[Opening Supplied data section]

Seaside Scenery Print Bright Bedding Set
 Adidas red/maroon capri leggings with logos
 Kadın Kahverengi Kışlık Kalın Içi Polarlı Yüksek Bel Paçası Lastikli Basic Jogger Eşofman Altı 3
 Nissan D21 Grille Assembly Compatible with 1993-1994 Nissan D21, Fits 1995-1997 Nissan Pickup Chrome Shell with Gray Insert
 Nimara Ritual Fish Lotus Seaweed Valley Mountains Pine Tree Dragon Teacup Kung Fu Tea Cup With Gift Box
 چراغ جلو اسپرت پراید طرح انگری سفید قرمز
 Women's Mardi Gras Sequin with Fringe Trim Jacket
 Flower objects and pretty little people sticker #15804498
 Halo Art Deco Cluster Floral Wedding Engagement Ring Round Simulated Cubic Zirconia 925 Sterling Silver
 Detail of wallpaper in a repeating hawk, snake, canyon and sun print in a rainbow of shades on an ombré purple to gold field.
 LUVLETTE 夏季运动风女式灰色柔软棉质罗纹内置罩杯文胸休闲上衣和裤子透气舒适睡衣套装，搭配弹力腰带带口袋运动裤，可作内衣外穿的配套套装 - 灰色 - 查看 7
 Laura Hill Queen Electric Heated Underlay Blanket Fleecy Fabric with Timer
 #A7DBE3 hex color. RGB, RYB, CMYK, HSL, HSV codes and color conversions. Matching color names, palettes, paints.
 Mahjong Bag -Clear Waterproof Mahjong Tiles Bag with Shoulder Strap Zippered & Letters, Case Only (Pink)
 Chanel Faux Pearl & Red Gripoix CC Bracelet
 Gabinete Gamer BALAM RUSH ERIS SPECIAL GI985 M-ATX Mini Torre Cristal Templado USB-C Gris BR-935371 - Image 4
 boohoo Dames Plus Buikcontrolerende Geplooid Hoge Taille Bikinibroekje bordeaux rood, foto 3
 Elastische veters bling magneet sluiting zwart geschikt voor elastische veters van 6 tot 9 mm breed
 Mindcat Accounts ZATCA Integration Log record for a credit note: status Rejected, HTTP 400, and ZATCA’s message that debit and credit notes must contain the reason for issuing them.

[Closing Supplied data section]

Reproduce verbatim the lines above, from the line with "چراغ جلو اسپرت پراید طرح انگری سفید قرمز" through the line with "Halo Art Deco".

Your solution:
 چراغ جلو اسپرت پراید طرح انگری سفید قرمز
 Women's Mardi Gras Sequin with Fringe Trim Jacket
 Flower objects and pretty little people sticker #15804498
 Halo Art Deco Cluster Floral Wedding Engagement Ring Round Simulated Cubic Zirconia 925 Sterling Silver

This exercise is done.